One day in Fort Myers, I ran into Cole and Langford in the saloon across from the courthouse. Both looked puffy from too much time indoors sitting on money and neither had a handle on his drinking. In fact, Big Jim had been forbidden by court order to set foot in a saloon, though Sheriff Tippins chose to overlook this. As for the balding banker, he looked seedy and unshaven, despite his slicked-down strands of hair and three-piece suit.
When I came in, my son-in-law lurched to his feet and left without a greeting. “Don’t let your customers smell that whiskey!” I called after him, intending to be heard by the whole place. Trapped in his booth, Cole waved me to a seat with a poor smile and asked me how my “cane patch” was progressing. I ignored the sneer behind his stupid question, wanting to see the shock on that smug face when I told him coolly that I’d like to buy the Ford auto he had recently replaced with that red Reo.
“What with?” jeered Cole, who knew I was flat broke busted. But he also knew my reputation as a businessman who made good on his debts; he did not doubt that I would restore my syrup operation in short order, and its profits, too. “What’s your collateral, Ed?” he said. I thought he was just matching my bluff, but when he flagged the bartender and paid for two more whiskeys, I realized he was serious.

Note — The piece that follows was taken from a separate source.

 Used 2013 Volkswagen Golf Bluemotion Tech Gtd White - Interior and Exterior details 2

“An up-and-coming farm in Columbia County,” I said.
“Who’s on there now?”
“My sister’s family and my mother.”
“Supposing you forfeit?” He cocked his head to peer at me. “You fixing to shoot them ladies, Ed, or just run ’em off there?”
I held his eye and he covered his nerves with that curly grin. “I mean, where the hell you aim to drive the damn thing, Ed? Down to your dock and back?”

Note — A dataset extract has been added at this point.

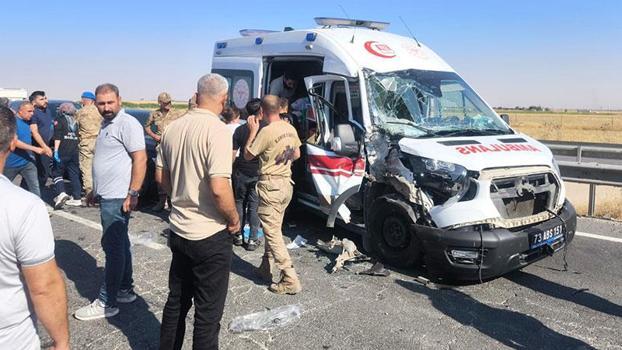 Zincirleme kazaya karışan ambulanstaki 2 sağlık çalışanı ile hasta yaralandı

That same evening my Model T rode south, lashed to the foredeck of the Gladiator. She was wrapped in tarps against salt water, because with the wind out of the south and that weight forward, we were shipping a hard spray over the bow. At Chatham Bend, Lucius fetched planks and we drove her off onto the bank, hooting the horn in honor of the first automobile ever seen in the Ten Thousand Islands. I had planned that jalopy as a surprise, to lift our spirits, and sure enough, the kids came whooping, piled right in, and jumped around the seats. There was no sign of Kate.
Frank stood in the kitchen doorway, wiping his hands on a towel; the way that black man’s head was cocked made clear that he questioned my good sense.
“Got her in a kind of swap,” I told him before he could say anything he might regret.
“What you swap for her? Our pay?” His tone scared everyone. He stepped back inside. Nobody said a word. I stood waiting for him, getting my breath. If he didn’t think better of it and step outside again-
He stepped outside again. “My oh my, that’s sump’n, Boss,” he said, dangerously angry, his grimace fixed hard in a kind of death’s-head smile.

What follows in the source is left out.